Another clue on Friday was the VIX. The VIX, amid some heavy selling and wild trading action, closed the day lower. It was a giant shrug of the shoulders. 'Me VIX, me no care about market. Me tired.'
$IWM - This $120 level is vital. We've seen it get broken, but never more than one trading session. If stocks are to hit new record highs from here, I think prices need to quickly move higher off this most recent $120 test. I think another $120 test for $IWM could break this strong support level and see stocks encounter that long awaited correction. Correction. Yes. Now that I got that out of the way let me continue my ambiguity.
$QQQ was able to close above that $110 level on Friday. Today it exploded to the upside closing near the highs of the day. $AAPL was up almost 4%, that helped as did many of the other tech names recovering recent losses. After the bell GOOGLE has turned into an Alphabet company. In response investors have sent the stock up more than three consonants and a vowel after the closing bell
$GOOGL $GOOG #Alphabet That is also boosting the NASDAQ after the bell. In short its setting up for more gains tomorrow.
The $SPY tried to muster a $208 close on Friday. It came within pennies of that. Close enough to keep the bulls cautious and the bears salivating. Today's gap higher worked in two ways. It exacted pain on the bears holding over the weekend and it made the bulls chase the action. But that didn't mean you couldn't go long at the open. I was able to muster a few $DD calls for a bounce. I also played bonds for a pull back. Friday's action for the bond market was over done. Let's see if the $SPY can hold over this key $208 level in the days and weeks ahead.
$DD looks poised for a bounce. The stock hit support and is coming out of oversold conditions. I was able to get a few calls in anticipation of this possible move higher. I also got some $TLT puts for a move lower.
$AAPL is back in the saddle again. Amazing the difference a week can make. Last weeks sellers are buying back today at higher prices? Or has the share buyback machine gone into over drive. I'm torn here. I do think $AAPL is going to hit new highs. But I am also seeing those dreaded analysts return. I prefer all the negativity of weeks past, not continued bullishness. With that being said, I do think there is a risk for the stock coming back to last weeks lows. It sounds crazy tonight with stock futures higher and $AAPL putting in a near 4% up day. But I can all most feel it. Maybe I'm wrong. But if $AAPL opens another 2% higher tomorrow, I'll be grabbing a few PUTs for a pull back.

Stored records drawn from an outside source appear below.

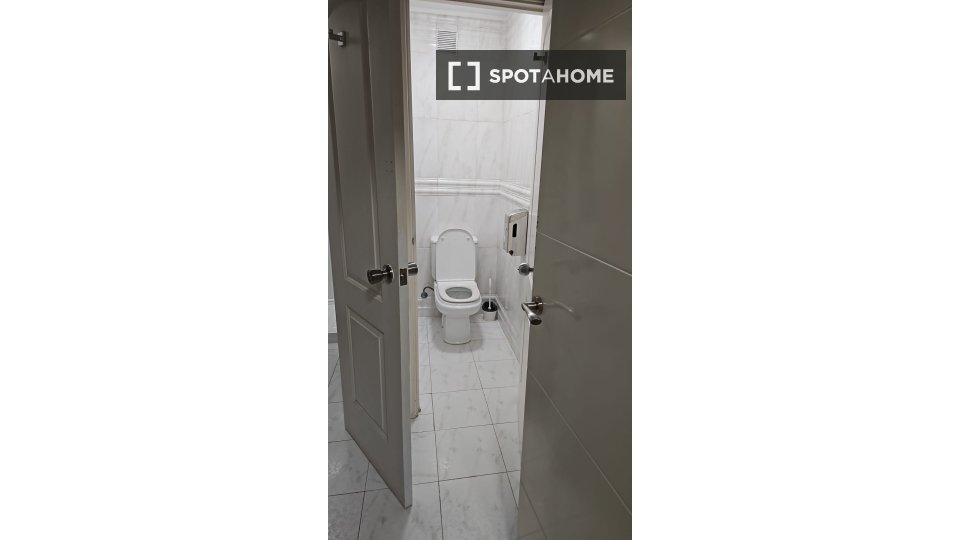 Double room Madrid, 12 beds — photo 15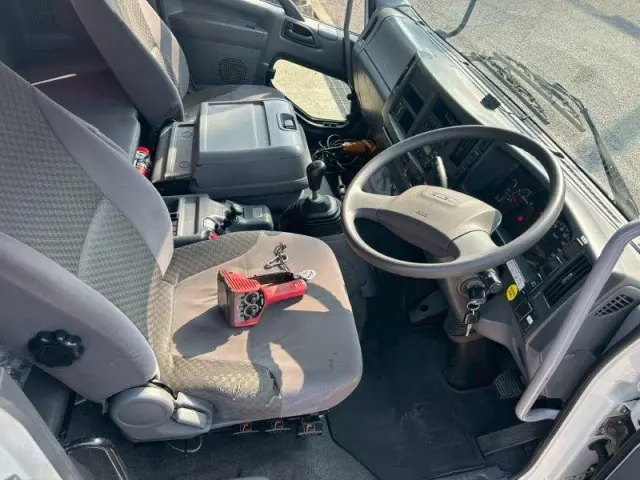 いすゞ フォワード QKG-FTR34S2(2WD)の写真33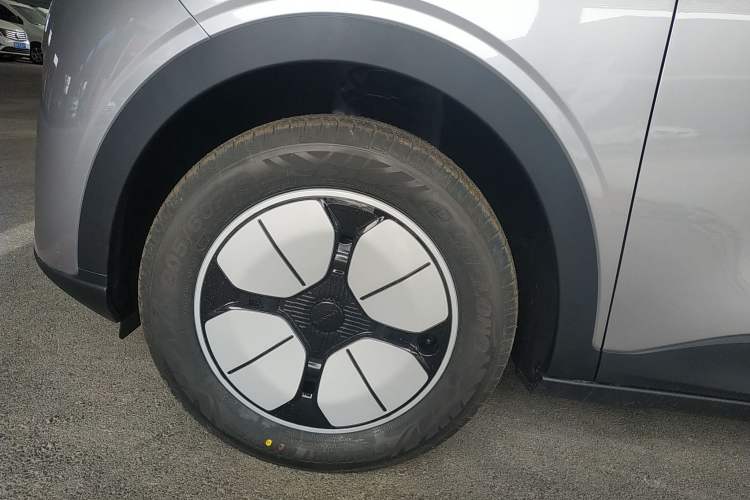 Used Geely Galaxy Geome 2026 Model 310km Youth Edition Left Front Wheel Hub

Back to that VIX. 12 12 12 12 12 12 - 12 is the magic number. A firm break and hold below that number this week and I think you can kiss any correction before the fall goodbye. But we must also focus on the 12 level as its been a point of interest for spikes to the upside and corresponding stock market pull backs. 12 12 12 12 12 12. Watch it in earnest.
I see everyone talking about the bottom being put in for energy. Sure the chart looks terribly oversold. But until we get the trend to change, this is nothing but a bounce. Bounce bounce bounce. People were talking about the bottom for $FCX 30 dollars ago. It was at $10 on Friday. Unreal, but a sobering look at what happens when you think a bottom is in.... it just keeps falling. The great thing about stocks that fall, they have a habit of bouncing. Energy, oil, miners.... they are bouncing.... But the bottoms are not in. Hello. That's like saying Jason Pierre Paul doesn't need all 10 digits to be a great player. Until I see that guy on the field swatting extra points and throwing overrated no superbowl winning Dallas Quarterbacks on the turf, I think his career is seriously compromised. Get that $XLF, $GDX, $FCX, $USO chart on the field. Watch it play, and give it time. And when they finally do hit bottom you can put a 'finger' on it. Even if you have only 8.5 digits.
$XLE after today's action still looks incredibly oversold. But Newtons law says something oversold can remain oversold until it's not oversold anymore.... go it?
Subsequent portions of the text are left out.